At the CFA Societies Australian Investment Conference, panellists were given a case study on whether a hypothetical super fund should abandon or retain its ex-fossil fuel stance in the face of underperformance and failing the Your Future, Your Super performance test.
They were then asked to debate whether they would maintain it and accept the underperformance, make selective reinvestments back into fossil fuels or abandon it in favour of financial returns.
Debating the first answer, Cassandra Crowe, vice president at T. Rowe Price, said some super funds would consider it their fiduciary duty to maintain a fossil fuel-free stance but that it meant the super fund would lose the ability to engage with the companies who may be taking positive actions on renewables.
Clare Sa’adeh, director of relationship management and sales at MFS Investment Management, debated the second answer and said she believed that option would run the risk of a super fund selecting the wrong companies to reinvest into.

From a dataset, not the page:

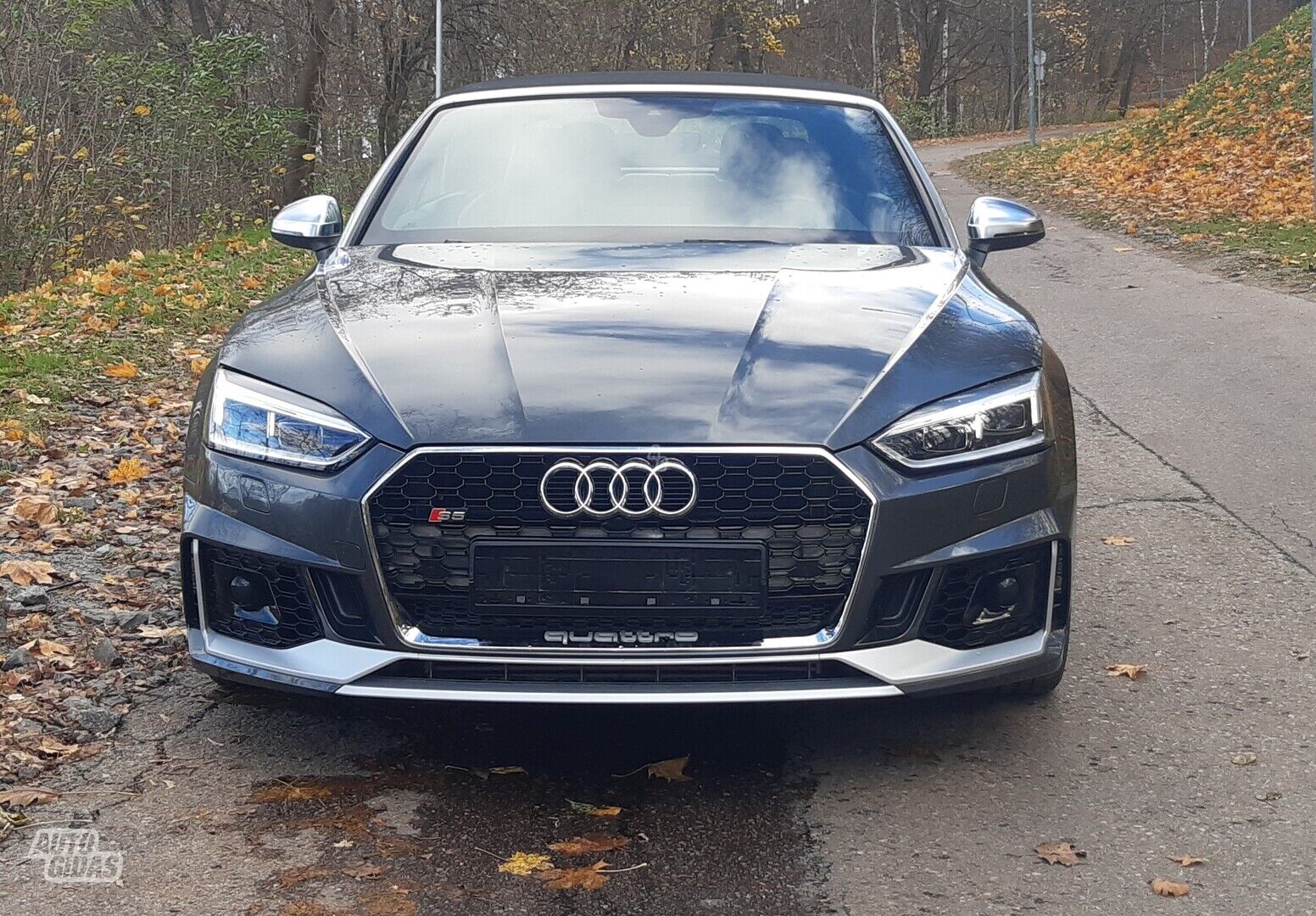 Audi S5 2019 г Кабриолет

“I think [this option] allows trustees to maintain some sort of commitment to sustainability by selecting best-in-class companies and being discerning about that,” she said.

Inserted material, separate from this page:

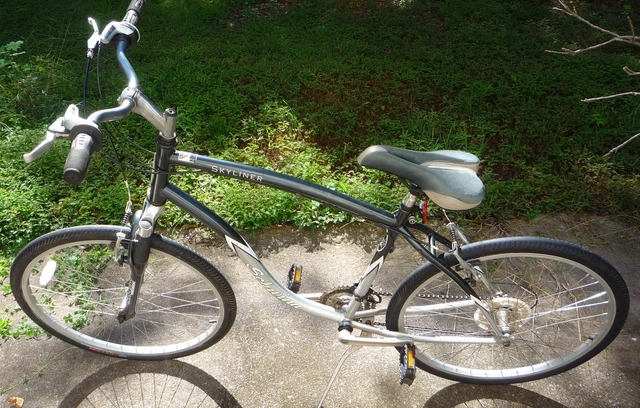 Schwinn skyliner online hybrid bike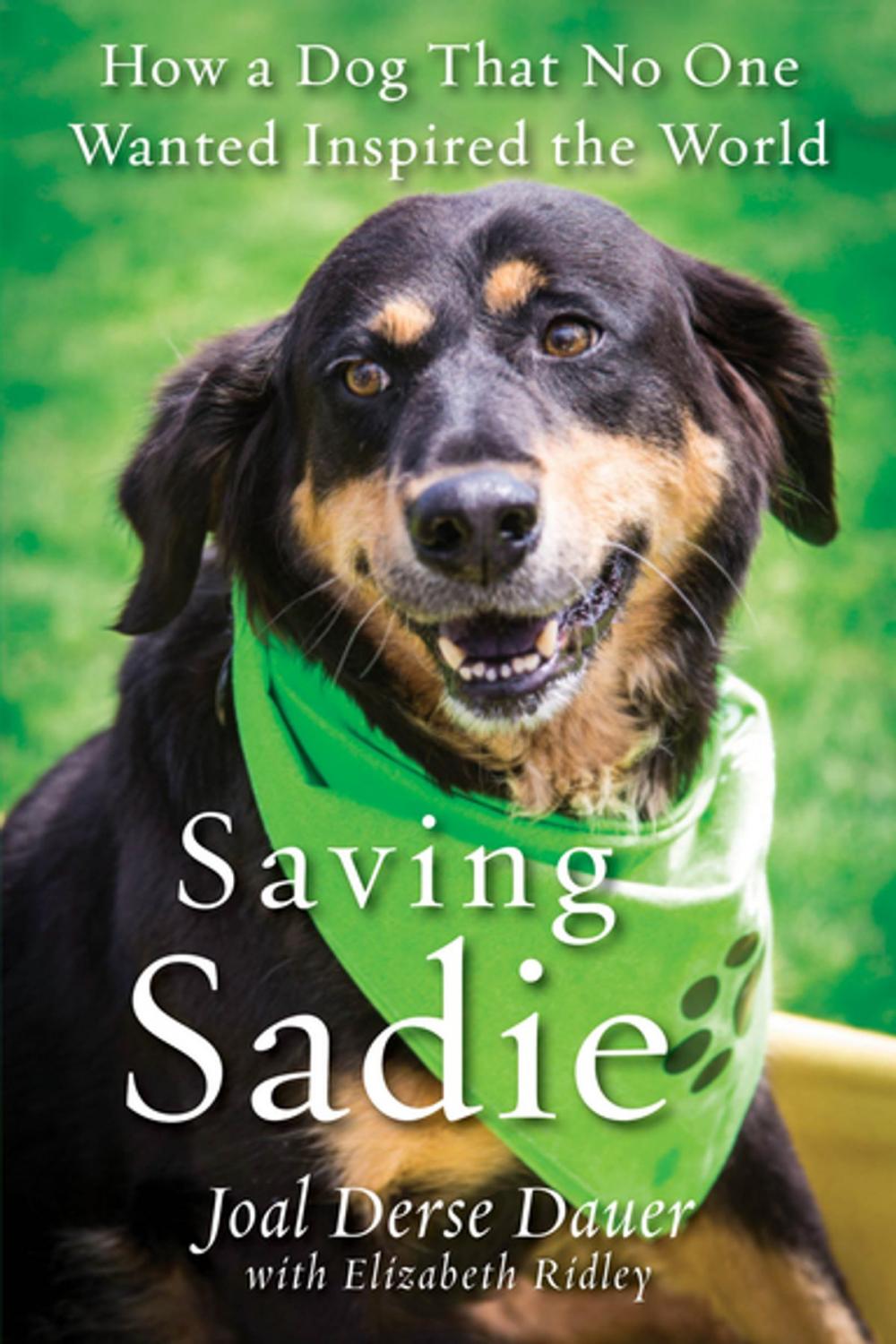 Big bigCover of Saving Sadie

“And then they have the opportunity to engage with the companies, hold them to account and ensure they met their climate change plans.
“But if they choose the wrong companies or those companies don’t execute well then that could slow down the energy transition.”
Nidal Danoun, executive director at Prosperity Financial Services, selected to debate the final option which he described as “at odds with public sentiment”.
However, given retirees were focused on wealth, this would be a good option for them in the short term. Focusing on investing the funds’ assets for the purpose of retirement would also help the trustees to meet the sole purpose test and would reduce the likelihood of redemptions which would protect all members.
The option would likely to “alienate” young members though, he added.
“They are invested in the future and the future of the environment. Although retirees have a significant chunk of the fund’s assets, the balances of younger members are naturally increasing so we need to be careful and find a balance for them.”